Desvairados venceremos

A cidade não vai ser a mesma sem as máscaras

Historicamente, pode-se dizer que os loucos anos 1920 foram um resultado da liberação após o confinamento forçado pela gripe espanhola. Foi a era do jazz, do blues e da art déco. O período em que surgiu Duchamp arrebentando as privadas junto com o status quo e o surrealismo de Salvador Dalí criando espaço para o inconsciente, a poesia de Garcia Lorca, o cinema de Buñuel e, no Brasil, a Semana de 1922 com Mário de Andrade.
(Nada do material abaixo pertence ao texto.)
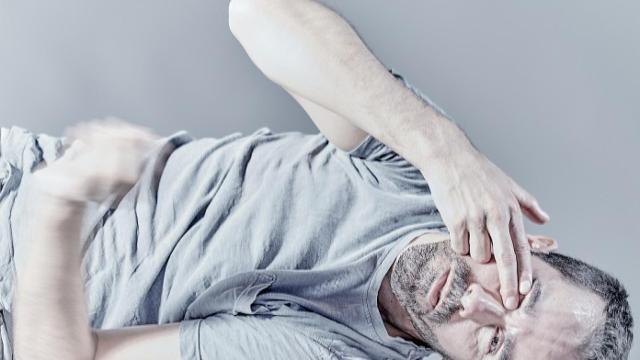 El hijo © marcosGpunto_5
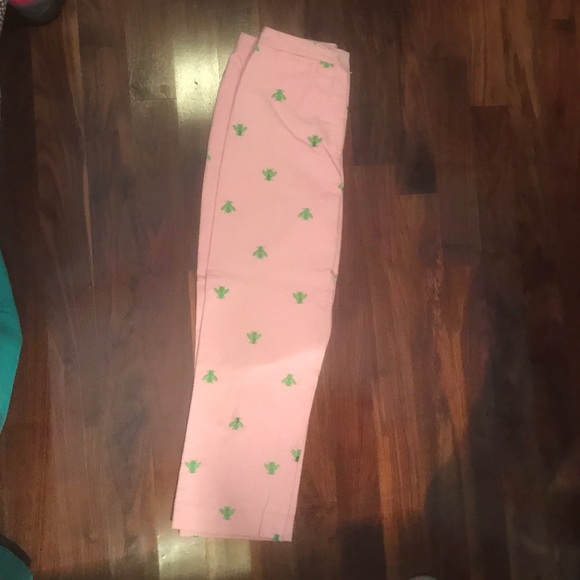 Lilly Pulitzer pants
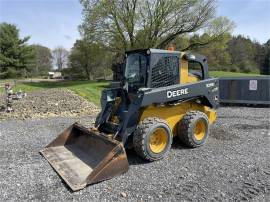 2016 DEERE 326E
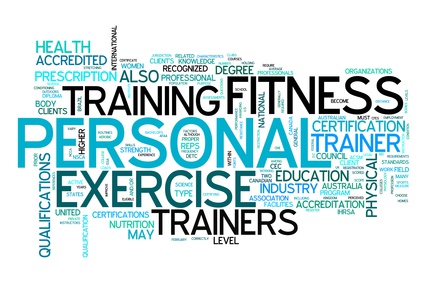 Personal Trainer Booking App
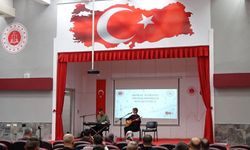 AFYONKARAHİSAR CEZAEVİNDE MORAL ETKİNLİĞİ DÜZENLENDİ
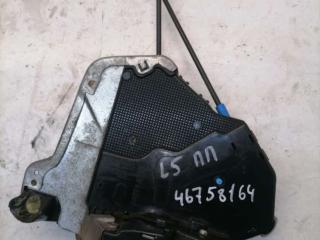 замок двери передней правой Lexus IS 2 поколение (XE20) 2007, 2.2 л., дизель, МКПП, A046693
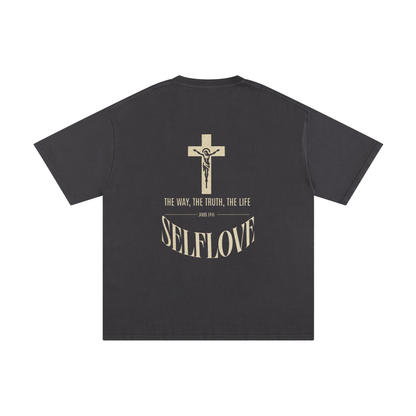 John 14:6  T-shirt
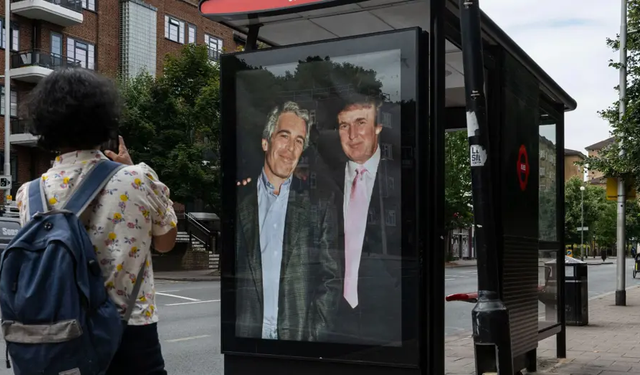 Trump da imzaladı: Epstein dosyaları yayınlanacak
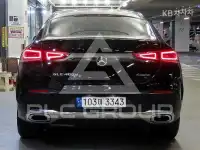 2021 Mercedes Benz GLE-Class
De volta a 2020 parte B (vulgo 2021), estou vacinado com duas doses e sem virar jacaré. Já me permito colocar as asinhas de fora, mesmo que de máscara. Já sai por aí com meus livros pelos cafés da capital paranaense e dei um(s) pulinho(s) no boteco. Coisa rápida, só o suficiente para amnésia alcóolica.

Seja como for, estamos precisando de uma boa dose de empolgação. Um jazz bem tocado para acariciar a alma e um samba para fazer sorrir. Tudo isso para tocar aquele antigo projeto de revolucionar o mundo, enquanto os fachos corroem a parede do estômago e espumam de raiva, quero me juntar à poesia que flui entre copos. Vamos ter que empolgar para fazer a vida descolar dessa imagem verde e amarela deprimidamente perversa que não aceita nenhuma diferença. Talvez isso seja na marra, mas vai ter que ter bile para sair do buraco.

Há um adágio que vai assim: a rua é a alma da cidade, mas o boteco é a alma da rua. Só que nenhum boteco vai ser o mesmo porque as máscaras não servem mais. A burguesia não vai mais conseguir disfarçar um charme silencioso pra sair anonimamente na rua. Também não vai dar para tolerar o barulho intolerável do fascismo mesmo que dissimulado. Ele é colado demais às convenções sociais e aos padrões que nunca serviram pra nada. É como uma máscara que já estava aí, mas não percebíamos. Mas tudo bem, uma dose de surrealismo criativo à la Dali vai resolver isso se pusermos a massa cinzenta pra trabalhar. A cidade precisa de mais desvario e encantamento propositivo, pois as redes sociais causaram monotonia mortal à retina-coração. O algoritmo deixou tudo desanimado pela repetição mentirosa. Merecemos uns loucos anos 2020 parte 2 — sem esquecer do que ainda não acabou.

A democracia vai ser defendida pelo prazer. Vamos brindar à volta da sensatez para comemorar de novo com aquilo que nos fez falta – ciência, arte, ética – e empolgar ao longo da jornada enquanto colocamos as máscaras no lixo.